Requests for user data are up 70% from 2009.
For the last 6 months of 2012:
- 68 percent of the requests were made through subpoenas. (That is all that is required to obtain user-identifying information)
- 22 percent were through ECPA search warrants. "These are, generally speaking, orders issued by judges under ECPA, based on a demonstration of “probable cause” to believe that certain information related to a crime is presently in the place to be searched."
- The remaining 10 percent were mostly court orders issued under ECPA by judges or other processes that are difficult to categorize.
Google says it received 21,389 requests for information about 33,634 users from July through December 2012.
For the last six months of 2012, there were 8,438
requests for user data and 4,791 requests for user account's information. The full report is available here. The graphs contain statistical data.
The ECPA (Electronic Privacy Act) needs to be changed.It has not kept up with advancing and new techologices. Digital Due Process says:
For more than a year, privacy advocates, legal scholars, and major Internet and communications service providers have been engaged in a dialogue to explore how the ECPA applies to new services and technologies. We have developed consensus around the notion of a core set of principles intended to simplify, clarify, and unify the ECPA standards; provide clearer privacy protections for subscribers taking into account changes in technology and usage patterns; and preserve the legal tools necessary for government agencies to enforce the laws and protect the public.
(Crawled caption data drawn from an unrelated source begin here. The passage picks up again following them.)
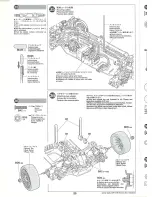 Preview for 20 page of Tamiya TAOS VDF 84132 Manual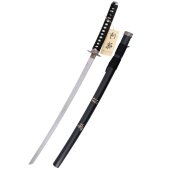 Miecz samurajski nieostrzony Decor Habitat katana Duch Samuraja stojak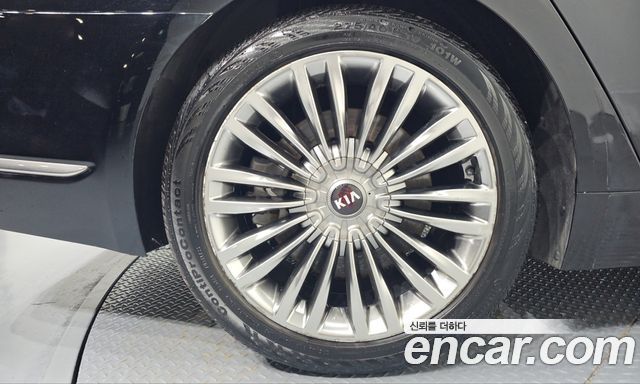 Kia K9 2019 — photo 5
Since enactment of ECPA, there have been fundamental changes in communications technology and the way people use it, including -
- E-Mail, widely embraced by the American Public, who for the most part are clueless that that their e-mails are stored on their mail company's servers, sometimes indefinitely.
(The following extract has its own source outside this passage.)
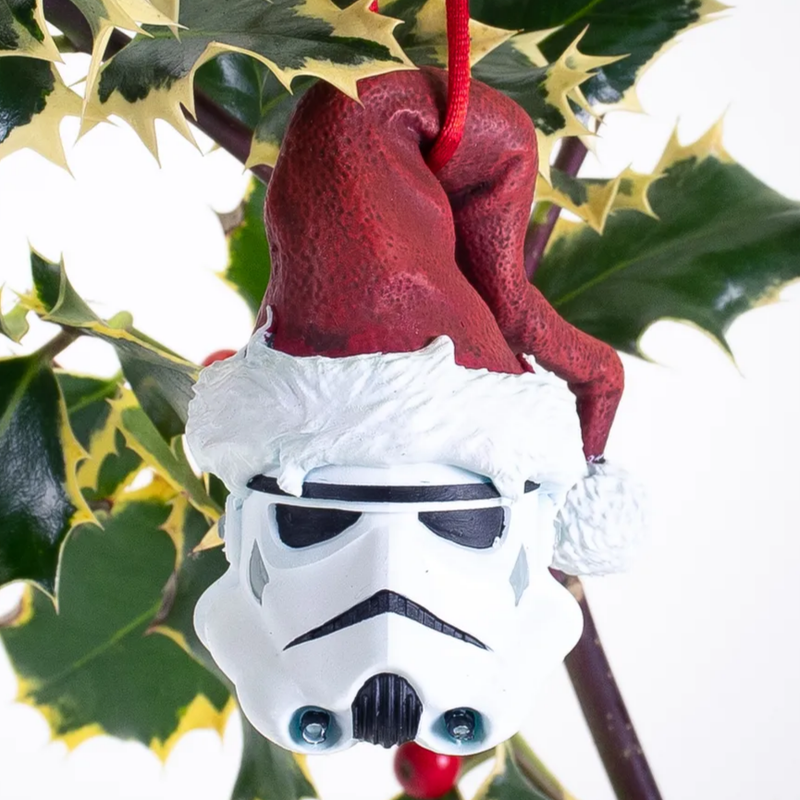 Stormtrooper Star Wars Christmas Ornament | 3D Printer Model Files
- Mobile location: Cell phones and mobile Internet devices constantly generate location data that supports both the underlying service and a growing range of location-based services of great convenience and value. This location data can be intercepted in realtime, and is often stored in easily accessible logs files. Location data can reveal a person’s movements, from which inferences can be drawn about activities and associations. Location data is augmented by very precise GPS data being installed in a growing number of devices.
- Cloud computing: Increasingly, businesses and individuals are storing data "in the cloud," with potentially huge benefits in terms of cost, security, flexibility and the ability to share and collaborate.
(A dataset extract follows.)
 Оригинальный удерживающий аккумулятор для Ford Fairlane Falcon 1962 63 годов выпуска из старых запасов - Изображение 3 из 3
- Social networking: One of the most striking developments of the past few years has been the remarkable growth of social networking. Hundreds of millions of people now use these social media services to share information with friends and as an alternative platform for private communications.
What we need :
A clear set of rules for law enforcement access that will safeguard end-user privacy, provide clarity for service providers, and enable law enforcement officials to conduct effective and efficient investigations.
Rather than attempt a full rewrite of ECPA, which might have unintended consequences, we focused on just a handful of the most important issues - those that are arising daily under the current law: access to email and other private communications stored in the cloud, access to location information, and the use of subpoenas to obtain transactional data.
The ECPA has this list of needed reforms.
Digital Due Process primarily focuses on the 18 USC Chapter 121 - STORED WIRE AND ELECTRONIC COMMUNICATIONS AND TRANSACTIONAL RECORDS ACCESS. Here's an interactive live map of government requests.
It's not quite as elaborate as the Global Interdiction Map for drug busts, but it's a start.